In the present study, we distinguished parity of sand flies by observation of the appearance of the accessory glands (26). Accessory glands secretions could not be as an indicator for distinguishing parous from nulliparous of P. papatasi females (38). In this study, the parous rate of P. papatasi was 67.33%, so it is not surprising to see high level of promastigote infection among this sand fly species. The same trend of infection is reported from north Siani in Egypt (39, 40). The results of dissection showed that 2% of P. papatasi species were naturally infected with promastigote infection. The Leishmania infection rate in sand flies is usually very low even in endemic areas (41). The low density of Leishmania parasites in M. libycus in this area may be due to low sensitivity of this rodent compared to R. opimus (4).

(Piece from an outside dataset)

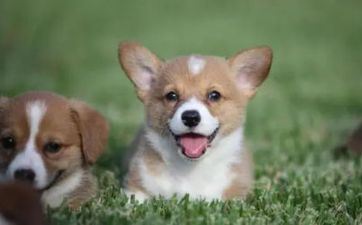 属狗男动情的体现 属狗男动情的体现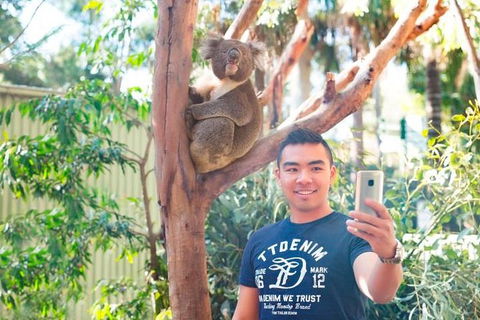 All Inclusive Full-Day Blue Mountains Trip From Sydney - Mackay Tourism 1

In the present study, based on molecular results, L. major was found in M. libycus as a reservoir, P. papatasi as a vector and suspected patients as incidental host. M. libycus as the main reservoir host of ZCL has been distributed in the northeastern, central and southwestern regions in Iran (42, 43). For the first time in 1996, isolation and characterization of L. major from M. libycus in Iran, has been reported (4). Meriones libycus has previously been infected with L. major parasites from Golestan, Esfahan and Yazd Provinces (7, 42, 44–46). Leishmania major was firmly identified in M. libycus that indicates this rodent species can be incriminated as reservoir host of ZCL in this location (47). The results of this study have shown, M. libycus is the main and potential reservoir host of ZCL in Kahak district of Qom Province and it has an important role in stable ZCL in this area, which has pay attention to future rodent control programs with administrative health center.

Conclusion

This study confirms the existence of local transmission of zoonotic cycle of CL in Kahak District of Qom Province, and provides that in this cycle, L. major is the causative agent, P. papatasi is the main vector and M. libycus is the main reservoir of the disease.